Arrivée à Beyrouth le 2 juillet, un peu surprise au premier abord par l’affluence de forces de police militaire postées tous les 50m dans le centre-ville, je me suis rapidement immergée dans cette ville fort sympathique –quoiqu’encore sévèrement marquée par la guerre-, notamment en me lançant dans la recherche d’une monture. Pas évident de trouver un marchand de vélos dans un pays où l’on compte plus de voitures que d’habitants ! Bécane trouvée et baptisée : en selle sur les pas d’Alexandre, sur mon Bucéphale tout pimpant. Direction le sud. Pas d’entrée en matière ; acclimatation à marche forcée : 40° et pentes à 10%...la montée est raide jusqu’à Beit-ed Dine, tempérée tout de même par les pauses chez l’habitant.

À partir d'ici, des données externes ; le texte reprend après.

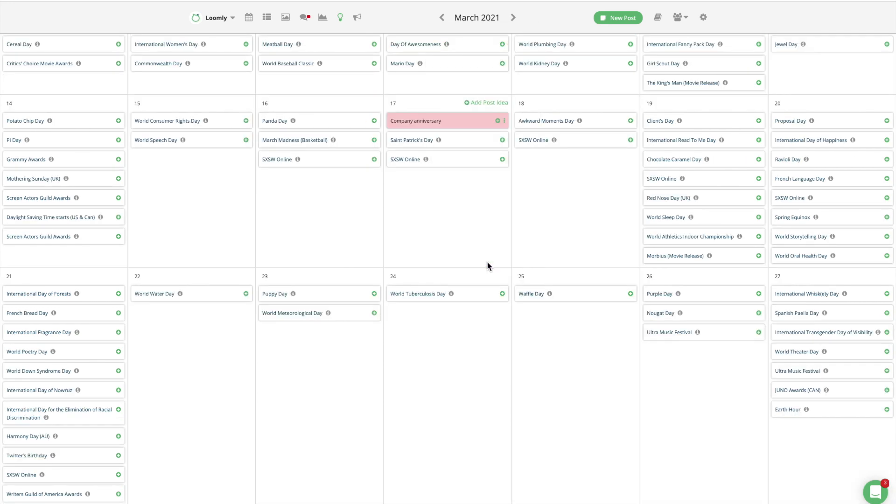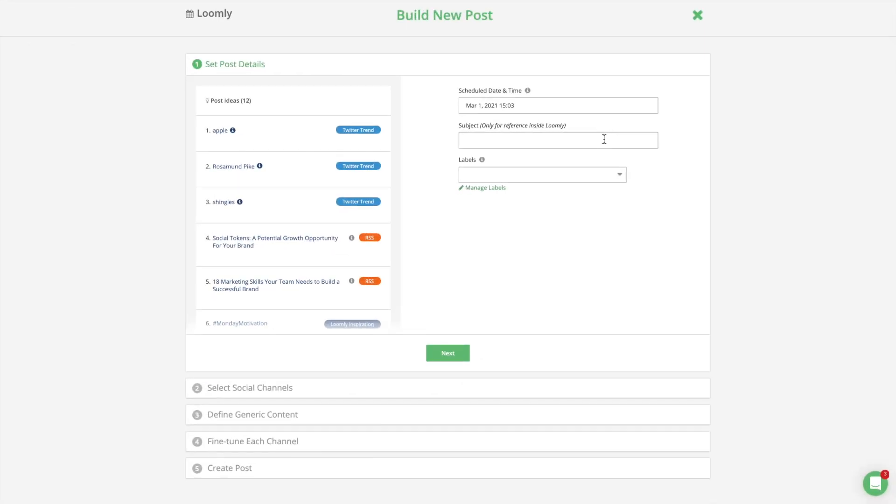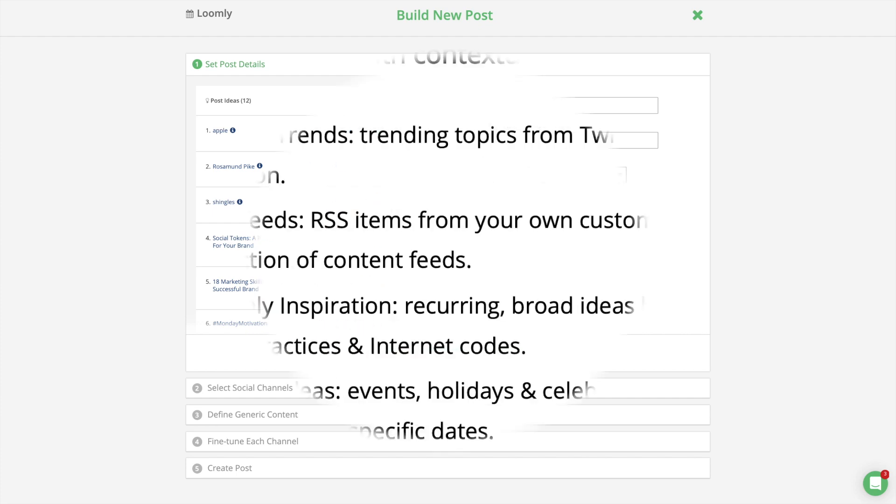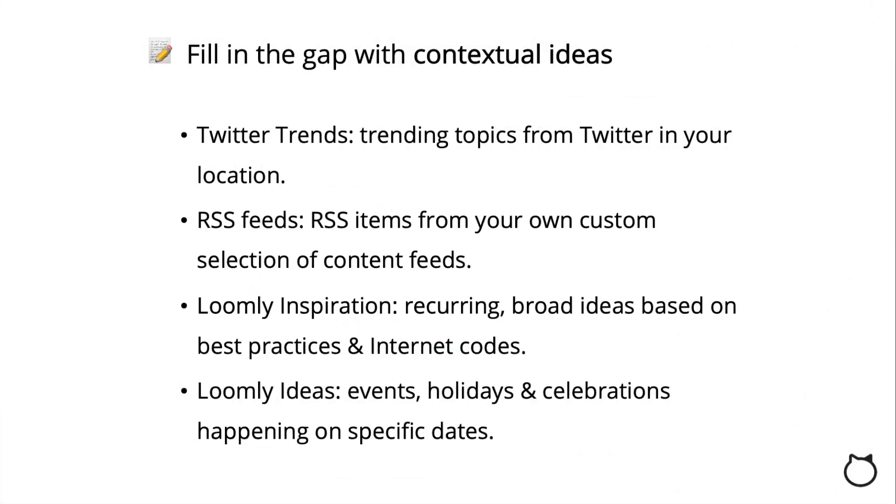You can either create posts right away in Loomly or save those events as custom post ideas. Second, fill in the gap in your publishing schedule with contextual ideas. This is where the Loomly magic happens as we suggest different types of post ideas: Twitter trends, RSS feeds from your own custom selection of content feeds, Loomly Inspiration with recurring, broad ideas based on best practices and internet codes, and Loomly Ideas with events, holidays, and celebrations happening on specific dates.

 Et c’est parti ! Me voici lancée sur les routes libanaises, au rythme de l’hospitalité exceptionnelle des habitants, qui ponctuera tout mon (trop court) séjour de merveilleuses rencontres. De Saïda à Sour, puis de Sour à la zone sud (carrefour où les forces de l’ONU gardent l’œil sur les tensions –bien senties- avec Israël et la Palestine…et la Syrie), où j’ai la « joie » de faire plus ample connaissance avec l’armée libanaise à cause de mon appareil photo qui suscite une méfiance extrême chez les habitants,  je m’émerveille chaque jour un peu plus devant la gentillesse et la joie de vivre des Libanais ( sauf dans la partie limitrophe avec Israël, où les gens sont quelque peu suspicieux envers les étrangers…). Malgré les guerres et conflits successifs, ils sont d’une gaieté et d’une hospitalité extraordinaire (parfois même embarrassante quand les familles se disputent  à moitié pour me recevoir !).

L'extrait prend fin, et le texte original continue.